*What is needed*. Only the lines from the one containing "Black Nubuck" through the end of the listing belong in the answer, repeated exactly, with no pictures.

*Provided material*.
------------------------------------------------
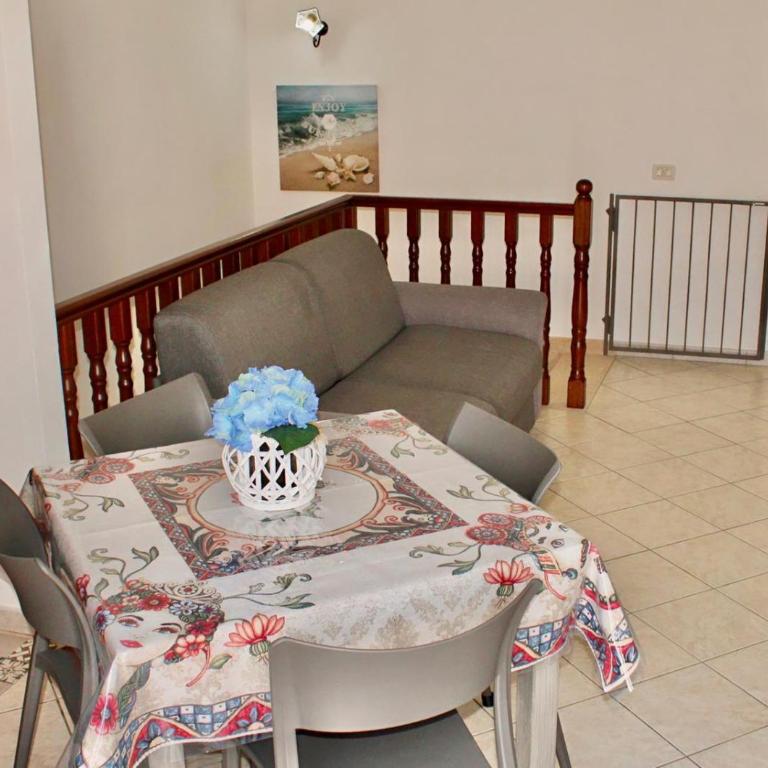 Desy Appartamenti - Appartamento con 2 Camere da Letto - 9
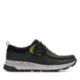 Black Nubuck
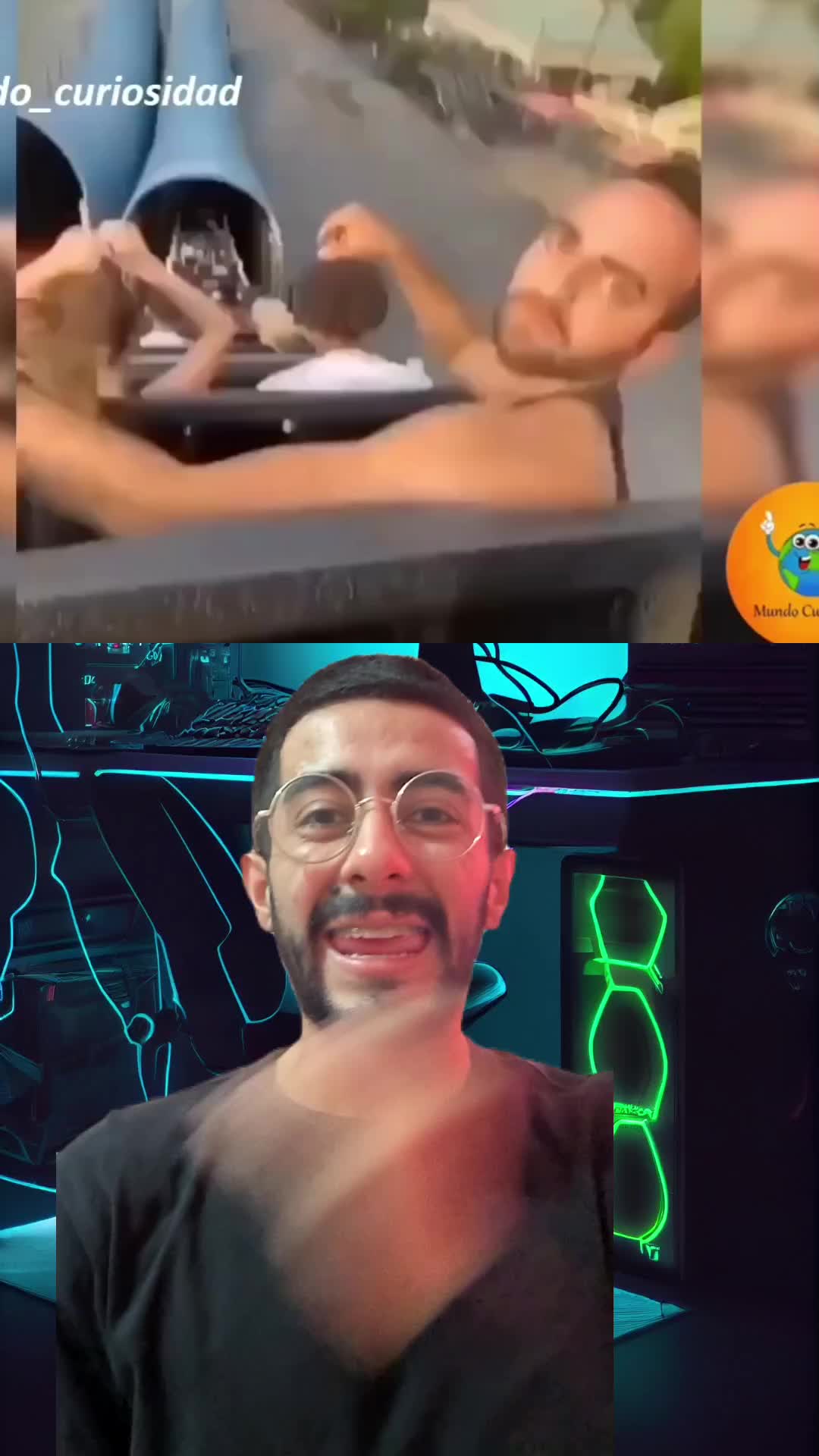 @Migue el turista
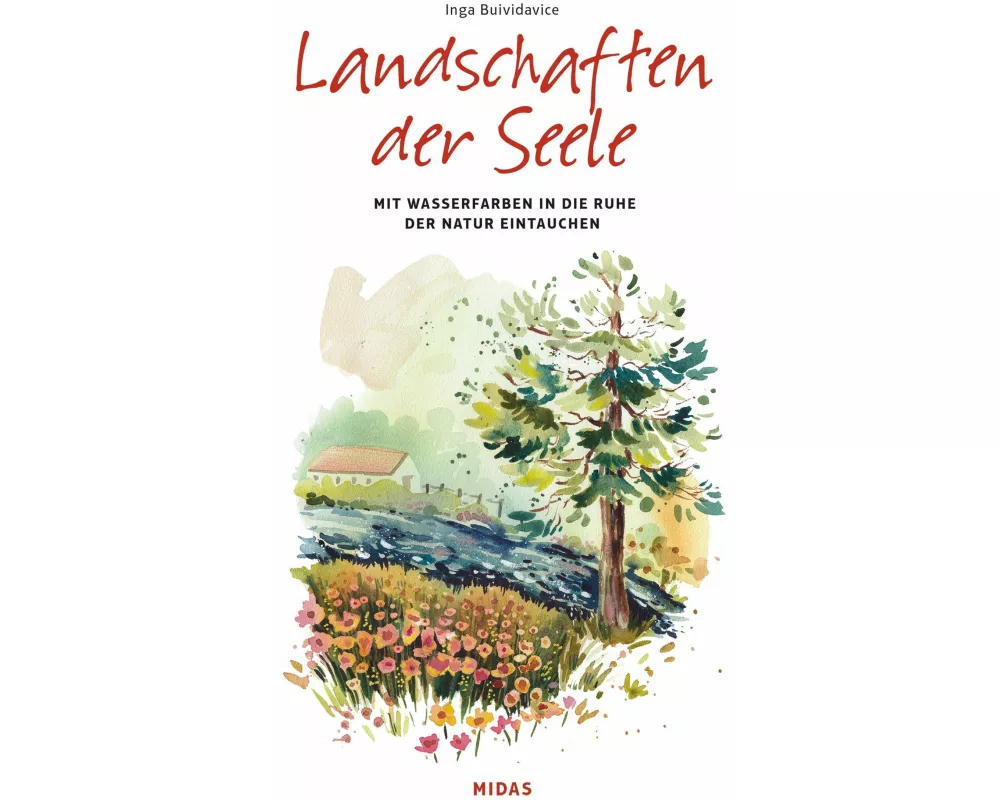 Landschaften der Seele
------------------------------------------------
*Output for this exercise*.
 Black Nubuck
 @Migue el turista
 Landschaften der Seele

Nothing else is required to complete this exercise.